The German energy regulator was also reported as having invited Ukraine’s National Joint Stock Company Naftogaz and LLC Gas Transmission System Operator (GTSOU) to the certification process, which is to be completed by January 2022. Ukraine, which currently has a gas transit agreement with Russia, has been a vocal opponent of the pipeline, fearing imminent revenue losses after its commissioning.
It has also echoed claims by the US that the pipeline threatens the energy security of Ukraine and Europe. Moscow, however, has repeatedly said that it would continue relying on Ukraine's transport capacities to pump gas to Europe in the coming years despite building additional pipelines.
© Photo : Nord Stream 2 / Axel SchmidtThe Russian pipe-laying vessel Akademik Chersky is working on a section of the Nord Stream 2 gas pipeline in German waters.

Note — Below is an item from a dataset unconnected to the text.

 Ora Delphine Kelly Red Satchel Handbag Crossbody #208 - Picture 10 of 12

The Russian pipe-laying vessel Akademik Chersky is working on a section of the Nord Stream 2 gas pipeline in German waters.
© Photo : Nord Stream 2 / Axel Schmidt
Construction of Nord Stream 2 was completed in early September 2021. A joint venture by Russia's Gazprom and Western European energy companies ENGIE, OMV, Shell, Uniper and Wintershall Dea, Nord Stream 2 is a 1,230-km twin gas pipeline along the bottom of the Baltic Sea to complement the existing Nord Stream 1 network.

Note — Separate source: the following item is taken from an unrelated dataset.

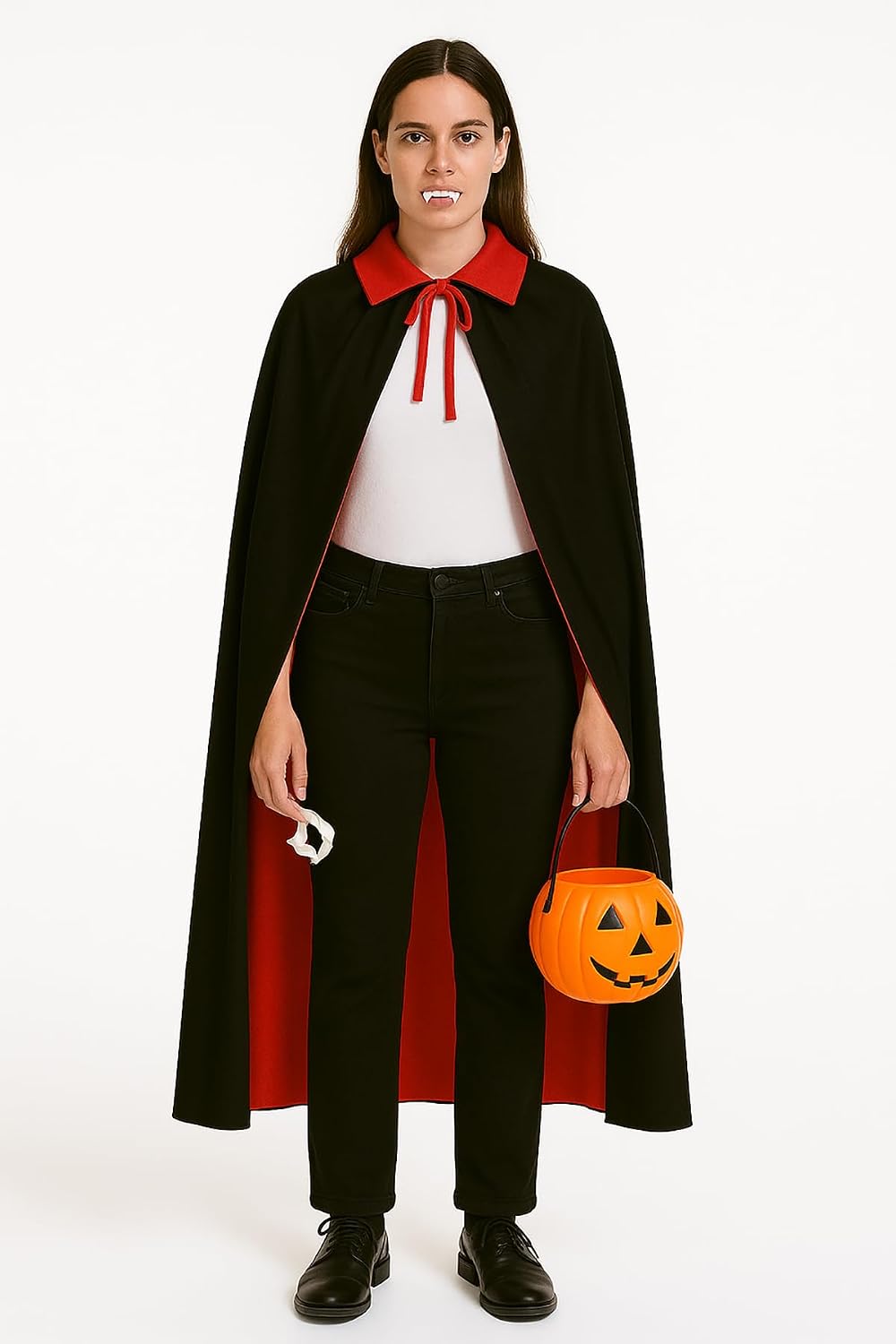 Vampire Cape with Pumpkin Bucket and Fangs, Free Size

The network is capable of transporting up to 1.9 trillion cubic feet (55 billion cubic metres) of gas annually from Russia to Europe, thus doubling Nord Stream's capacity. Despite long being defended by its participants as a purely economic and not political venture, the project for the 1,230 km pipeline has been forced to tackle a plethora of challenges, ranging from negotiating operating terms and obtaining clearances from involved countries, to US sanctions, imposed in December 2019 against a key contractor, Switzerland-based AllSeas.
Washington, also driven by ambitions to sell Germany and Eastern Europe its more expensive, tanker-delivered liquefied natural gas, has long claimed the Nord Stream 2 project would leave Ukraine without money from Russian gas transit, while making Europe dependent on Russian gas – allegations that Moscow dismissed as unfounded.
Last month Russian President Vladimir Putin said Russia could start delivering natural gas to Europe via the Nord Stream 2 pipeline as soon as Moscow gets the green light from Berlin.
“If the German regulator hands its clearance for supplies tomorrow, deliveries of 17.5 billion cubic metres [of gas] will start the day after tomorrow”, Putin emphasised.